## Problem requirements
An exact repetition of all the entries that follow is required.

## Data
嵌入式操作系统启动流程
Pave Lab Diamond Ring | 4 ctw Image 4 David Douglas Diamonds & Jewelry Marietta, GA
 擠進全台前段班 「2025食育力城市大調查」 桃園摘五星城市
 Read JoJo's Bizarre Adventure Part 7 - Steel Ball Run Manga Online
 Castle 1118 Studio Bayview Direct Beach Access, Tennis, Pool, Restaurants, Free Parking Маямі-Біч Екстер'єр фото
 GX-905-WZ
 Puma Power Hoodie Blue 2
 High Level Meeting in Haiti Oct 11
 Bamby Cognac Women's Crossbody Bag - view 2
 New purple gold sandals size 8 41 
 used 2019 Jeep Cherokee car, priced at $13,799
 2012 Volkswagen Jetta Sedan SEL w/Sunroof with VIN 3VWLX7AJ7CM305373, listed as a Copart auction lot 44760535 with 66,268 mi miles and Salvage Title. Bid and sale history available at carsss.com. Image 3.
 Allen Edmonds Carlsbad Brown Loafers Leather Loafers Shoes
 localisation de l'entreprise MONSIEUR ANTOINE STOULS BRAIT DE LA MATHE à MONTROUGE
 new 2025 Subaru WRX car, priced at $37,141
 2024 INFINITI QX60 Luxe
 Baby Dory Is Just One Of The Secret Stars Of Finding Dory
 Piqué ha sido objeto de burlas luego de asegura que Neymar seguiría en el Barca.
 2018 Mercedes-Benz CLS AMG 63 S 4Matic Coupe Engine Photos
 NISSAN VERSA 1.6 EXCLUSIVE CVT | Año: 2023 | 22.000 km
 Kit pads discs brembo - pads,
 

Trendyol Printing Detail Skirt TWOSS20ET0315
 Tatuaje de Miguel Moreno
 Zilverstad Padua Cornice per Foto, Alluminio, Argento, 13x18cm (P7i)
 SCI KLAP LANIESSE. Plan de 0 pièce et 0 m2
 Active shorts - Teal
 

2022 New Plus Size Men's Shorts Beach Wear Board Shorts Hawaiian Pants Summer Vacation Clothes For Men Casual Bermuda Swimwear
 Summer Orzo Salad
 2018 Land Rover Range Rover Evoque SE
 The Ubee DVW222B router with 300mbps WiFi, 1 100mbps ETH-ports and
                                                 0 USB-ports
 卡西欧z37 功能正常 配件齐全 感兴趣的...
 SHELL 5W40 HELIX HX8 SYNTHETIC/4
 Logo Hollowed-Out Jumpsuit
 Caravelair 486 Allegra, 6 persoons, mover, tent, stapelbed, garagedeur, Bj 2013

## Answer box
嵌入式操作系统启动流程
Pave Lab Diamond Ring | 4 ctw Image 4 David Douglas Diamonds & Jewelry Marietta, GA
 擠進全台前段班 「2025食育力城市大調查」 桃園摘五星城市
 Read JoJo's Bizarre Adventure Part 7 - Steel Ball Run Manga Online
 Castle 1118 Studio Bayview Direct Beach Access, Tennis, Pool, Restaurants, Free Parking Маямі-Біч Екстер'єр фото
 GX-905-WZ
 Puma Power Hoodie Blue 2
 High Level Meeting in Haiti Oct 11
 Bamby Cognac Women's Crossbody Bag - view 2
 New purple gold sandals size 8 41 
 used 2019 Jeep Cherokee car, priced at $13,799
 2012 Volkswagen Jetta Sedan SEL w/Sunroof with VIN 3VWLX7AJ7CM305373, listed as a Copart auction lot 44760535 with 66,268 mi miles and Salvage Title. Bid and sale history available at carsss.com. Image 3.
 Allen Edmonds Carlsbad Brown Loafers Leather Loafers Shoes
 localisation de l'entreprise MONSIEUR ANTOINE STOULS BRAIT DE LA MATHE à MONTROUGE
 new 2025 Subaru WRX car, priced at $37,141
 2024 INFINITI QX60 Luxe
 Baby Dory Is Just One Of The Secret Stars Of Finding Dory
 Piqué ha sido objeto de burlas luego de asegura que Neymar seguiría en el Barca.
 2018 Mercedes-Benz CLS AMG 63 S 4Matic Coupe Engine Photos
 NISSAN VERSA 1.6 EXCLUSIVE CVT | Año: 2023 | 22.000 km
 Kit pads discs brembo - pads,
 

Trendyol Printing Detail Skirt TWOSS20ET0315
 Tatuaje de Miguel Moreno
 Zilverstad Padua Cornice per Foto, Alluminio, Argento, 13x18cm (P7i)
 SCI KLAP LANIESSE. Plan de 0 pièce et 0 m2
 Active shorts - Teal
 

2022 New Plus Size Men's Shorts Beach Wear Board Shorts Hawaiian Pants Summer Vacation Clothes For Men Casual Bermuda Swimwear
 Summer Orzo Salad
 2018 Land Rover Range Rover Evoque SE
 The Ubee DVW222B router with 300mbps WiFi, 1 100mbps ETH-ports and
                                                 0 USB-ports
 卡西欧z37 功能正常 配件齐全 感兴趣的...
 SHELL 5W40 HELIX HX8 SYNTHETIC/4
 Logo Hollowed-Out Jumpsuit
 Caravelair 486 Allegra, 6 persoons, mover, tent, stapelbed, garagedeur, Bj 2013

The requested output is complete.